By James Gee, The Huffington Post
There is a lot of talk today about “digital natives” and “digital brains.” Some people use the phrase “digital literacy” for skills with digital tools. The word may be more appropriate than many people know.
Traditional literacy (reading and writing) has and still does come in two grades. One grade leads to working class jobs, once a good thing when there were unions and benefits, but now not such a good thing when it means low pay and no benefits, usually in service work. The other grade leads to more meaningful work and more financial success. What distinguishes these grades of literacy? The premium grade involves mastery of so-called “academic language,” the forms of language used in research, empirical reasoning and logical argumentation. Now, I am well aware that nearly everyone hates “academic language” (things like “Hornworms exhibit a significant amount of variation,” rather than “Hornworms sure vary a lot in how well they grow”), but when they are in good jobs, they are there because they got through their high school chemistry book and argued and debated their way out of a good college.

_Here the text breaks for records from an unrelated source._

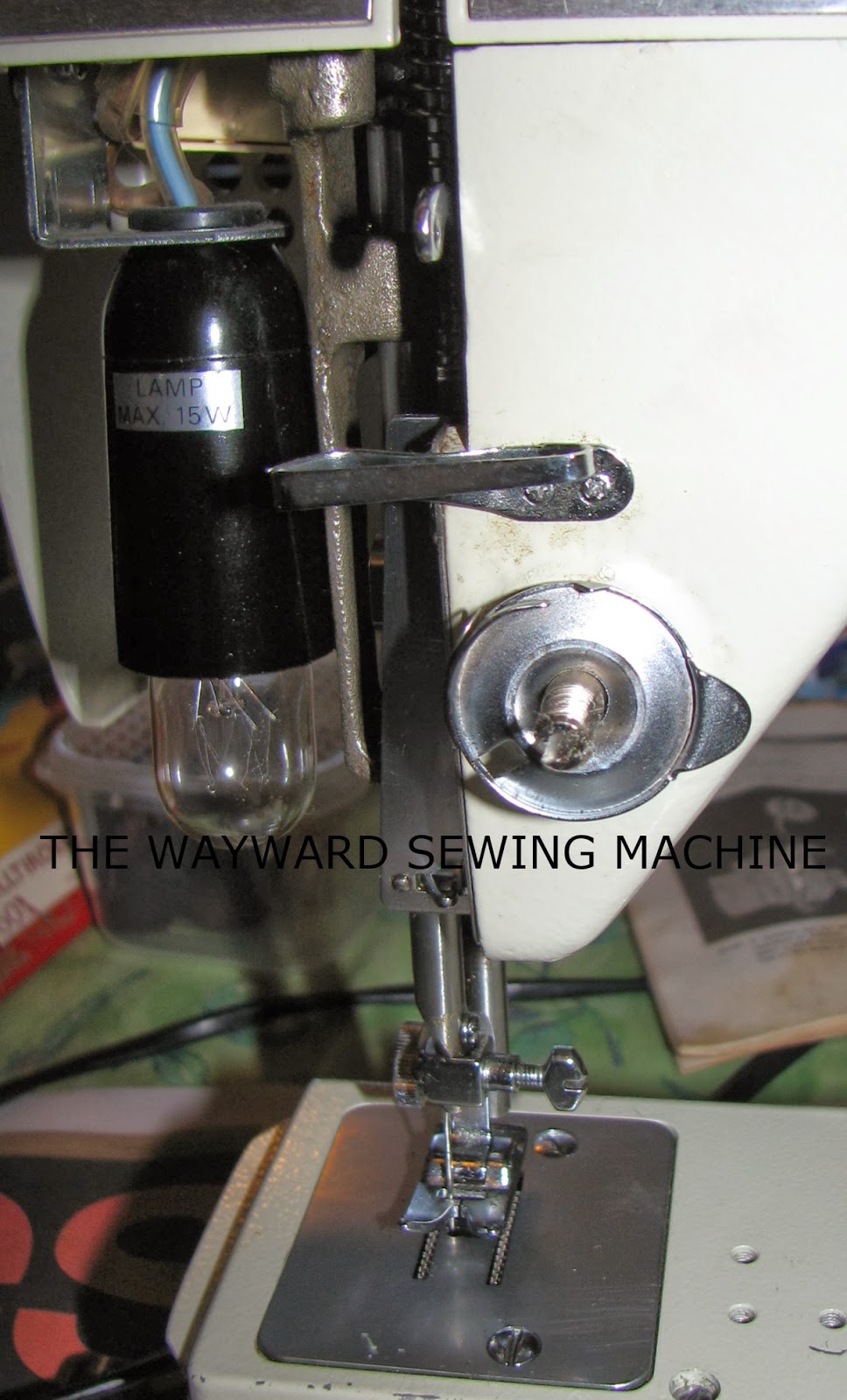 The Wayward Sewing Machine Lemair 1781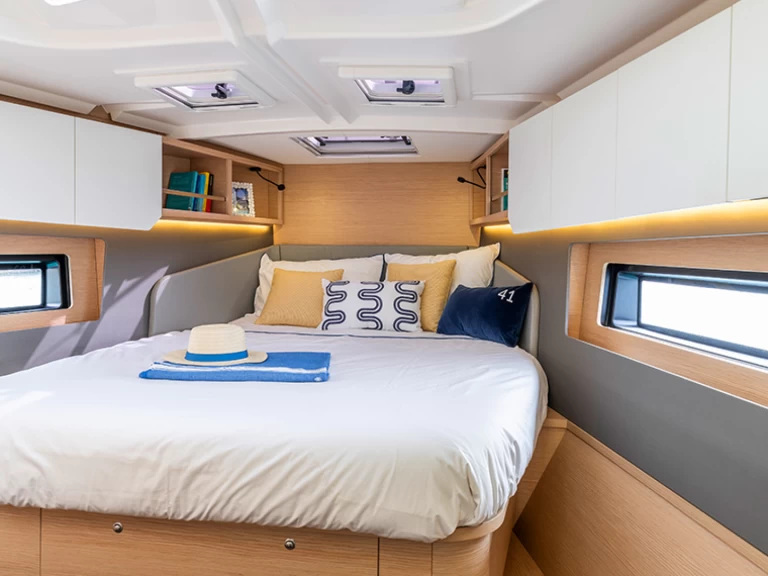 Dufour Dufour 41 jednotlivci a charterové společnosti v Palermo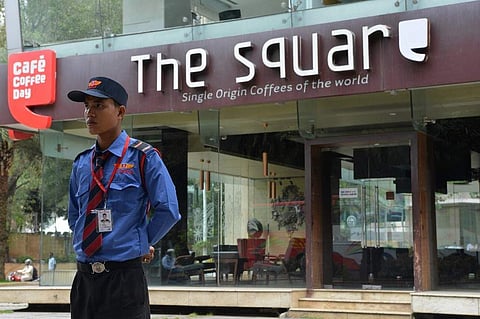 Cafe Coffee Day. (Photo| AFP)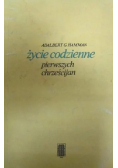 Życie codzienne pierwszych chrześcijan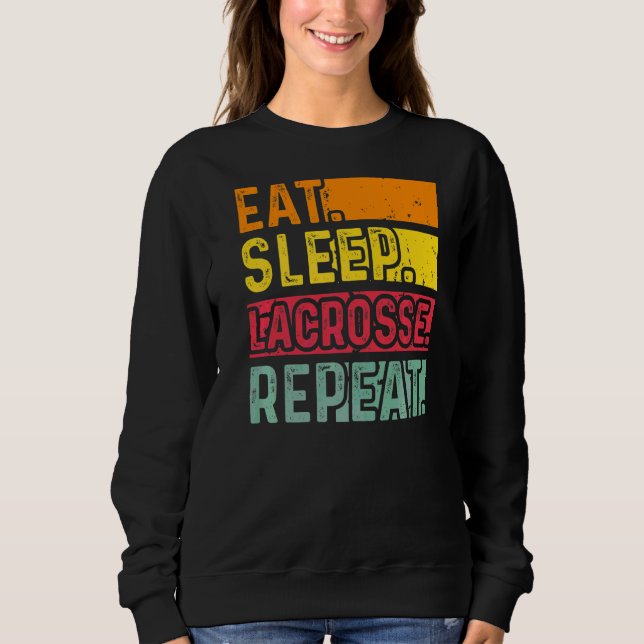 Sweatshirt Lacrosse Lx To Max Coach Mens (Devant)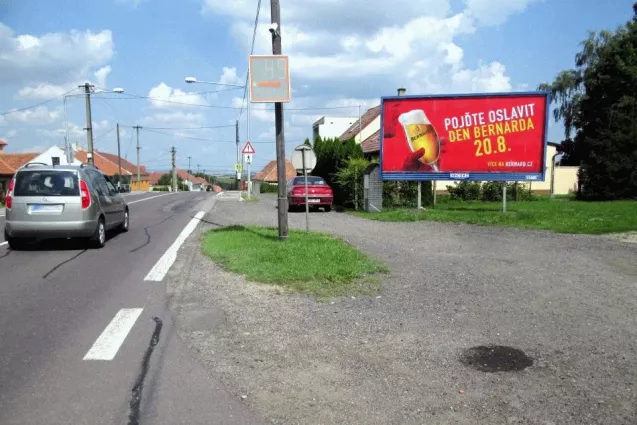 směr Jihlava, I/38 -  225.400, Znojmo, billboard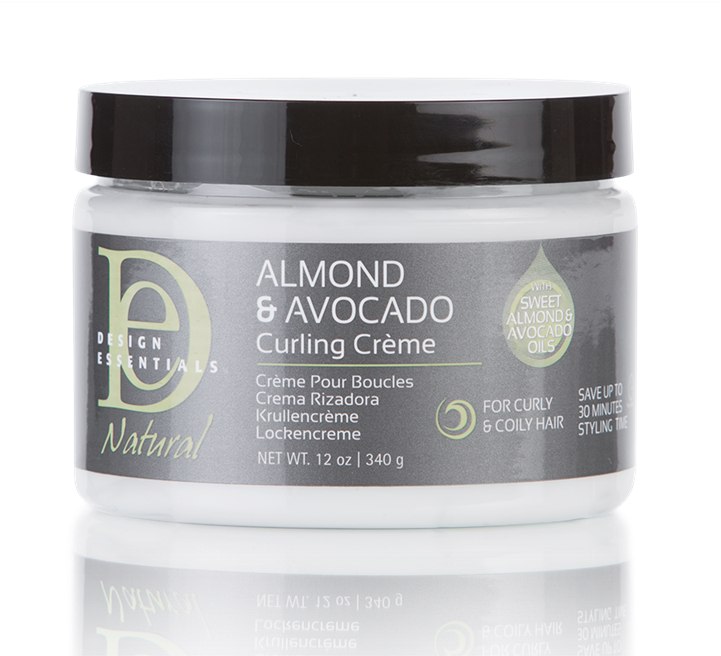 Design Essentials Natural Almond & Avocado Curling - Cosmetics (720x960), Png Download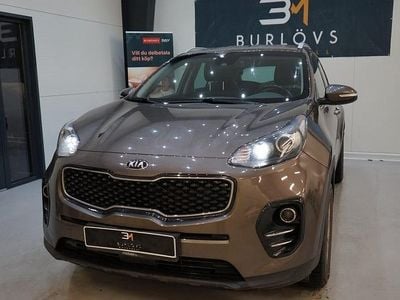Brun Begagnad 2016 Kia Sportage Advance SUV | 148 500 kr (Marknadspris)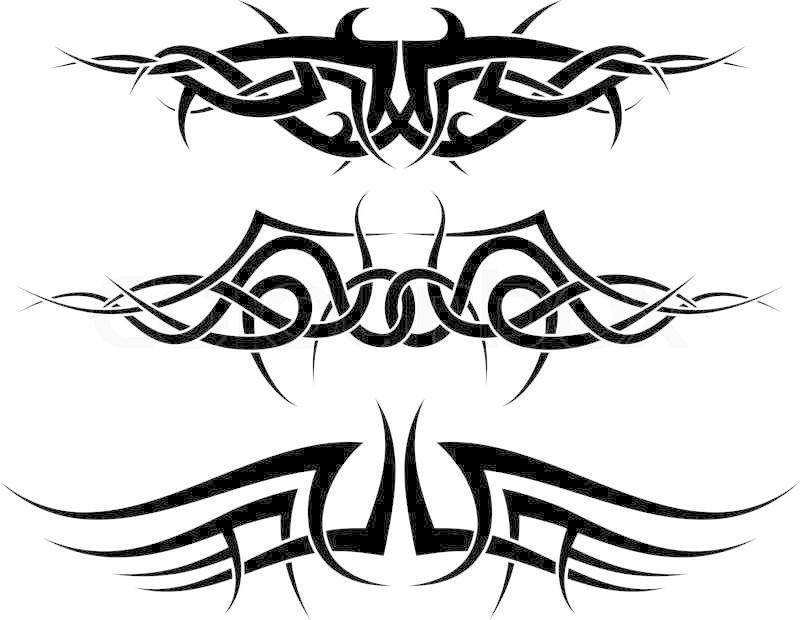 Paling Populer 15 Desain  Tato  Tribal  Bunga 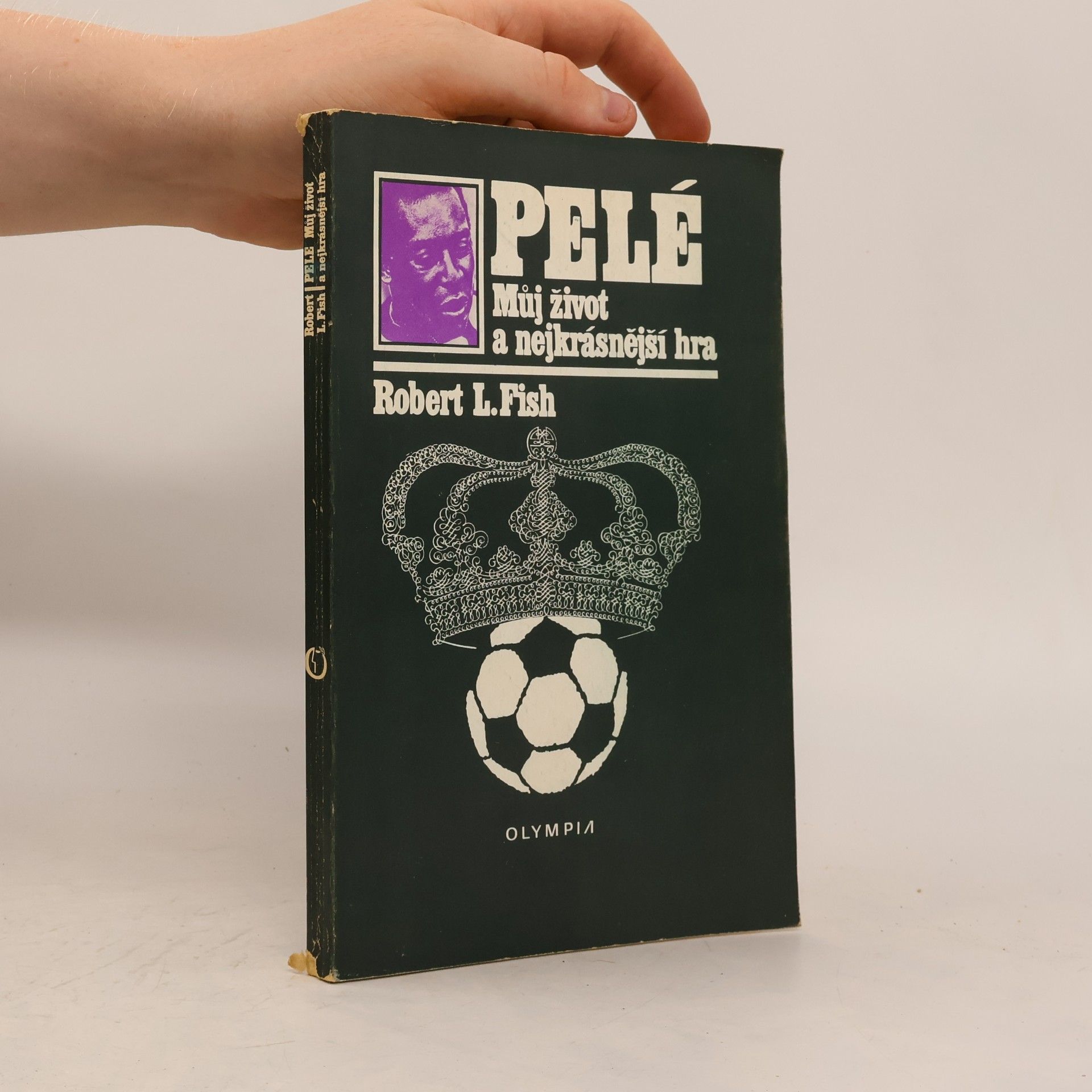 Robert L. Fish Pelé. Můj život a nejkrásnější hra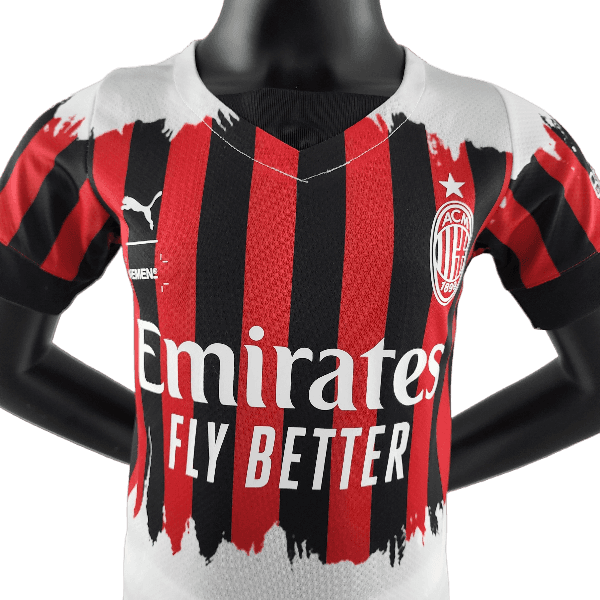 AC Milan 21/22 Kids Fourth Away (Free Personalisation)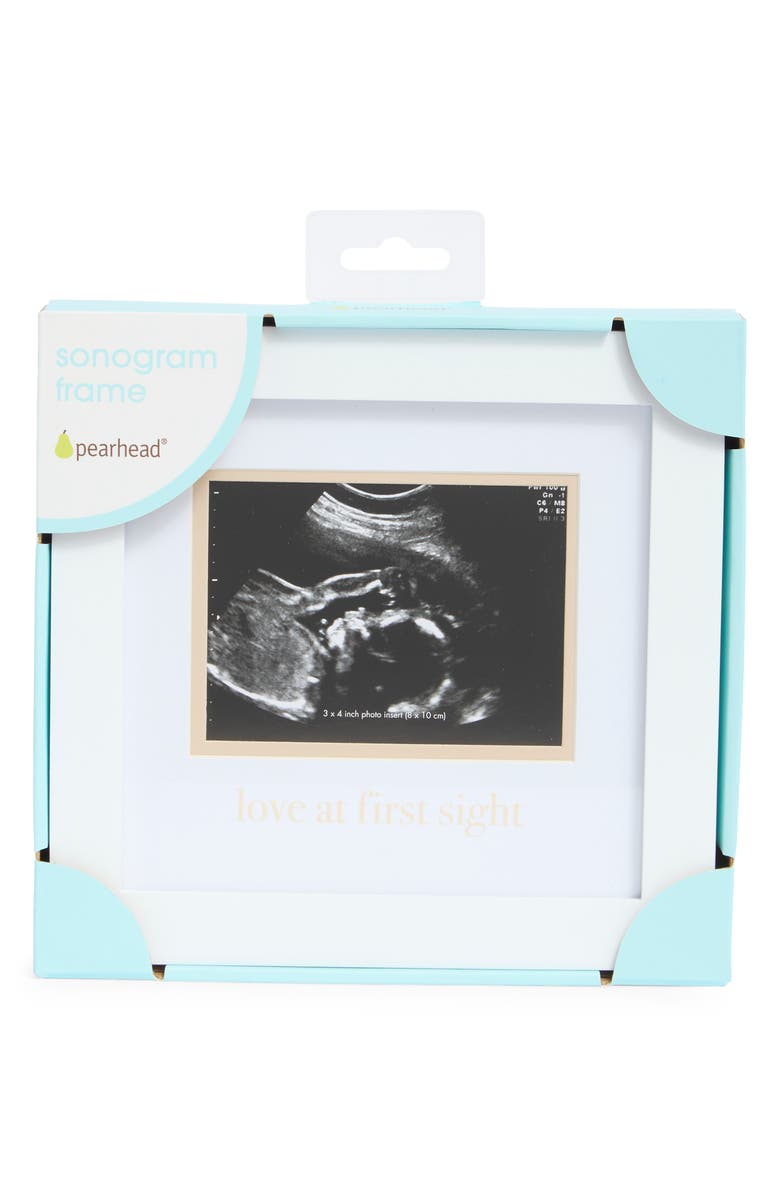 Pearhead Love at First Sight Photo Frame, Main, color,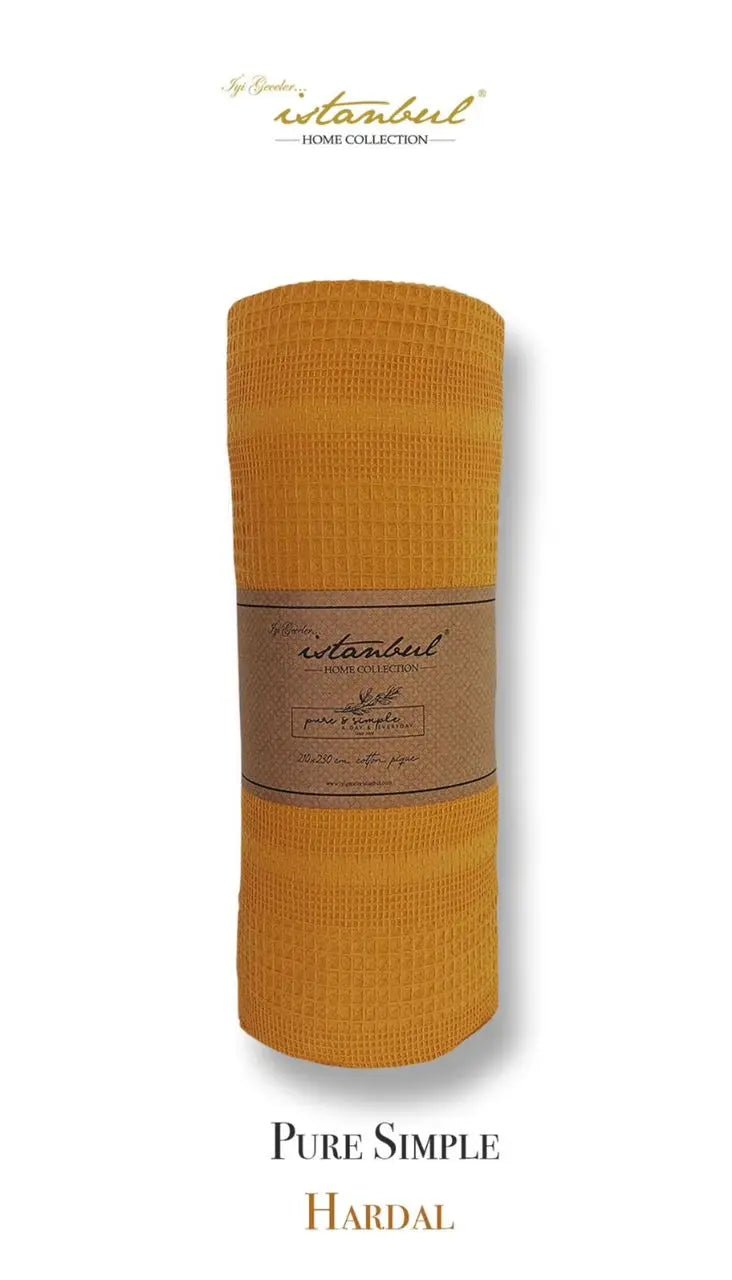 Plaid Nid d'Abeille - Trendhomedz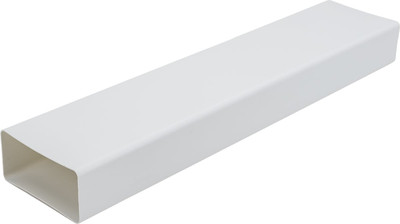 

Воздуховод жесткий, 55х110 ПВХ В511ВП05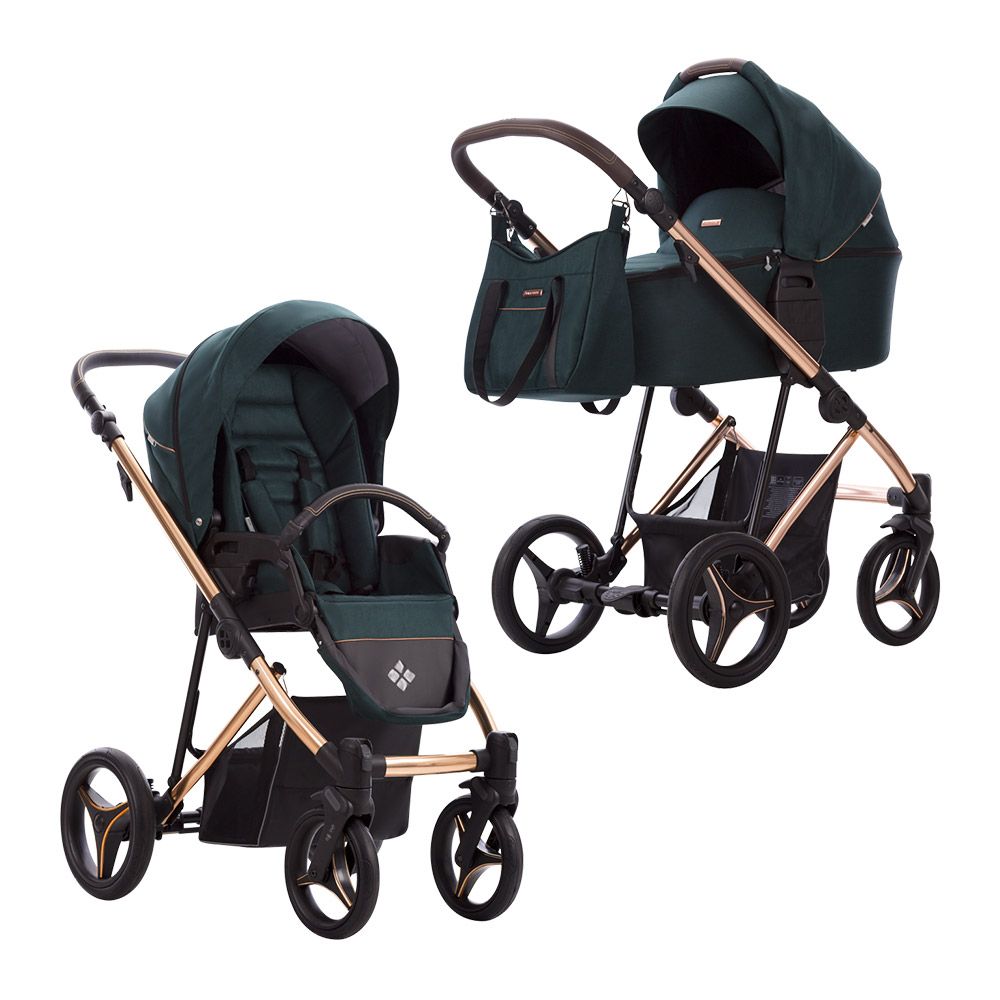 Dječja kolica Bebetto Flavio Premium Class Stella 01 2u1 slika 10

Does digital literacy come in two grades, as well? Are there ways with digital media (as there are ways with words) that lead to quite different results, despite the fact that everyone is participating and using digital media? I believe there are. Further, I believe that the premium grade involves mastery of “specialist/technical language,” the forms of language used in specialist communities devoted to technological skills and reasoning. Such language is linguistically fully akin to “academic language”; indeed, it’s a variety of it. Two kids may participate in playing World of Warcraft, but the one who can read and write such things as the following has the premium grade digital literacy: “Mitigation from armor class is the only non-linearly scaling stat (that is, each percent of mitigation granted by Armor Class requires more than the point before it),” which is a sentence from a “theory crafting” site, where World of Warcraft players analyze the underlying statistics and rules of the game.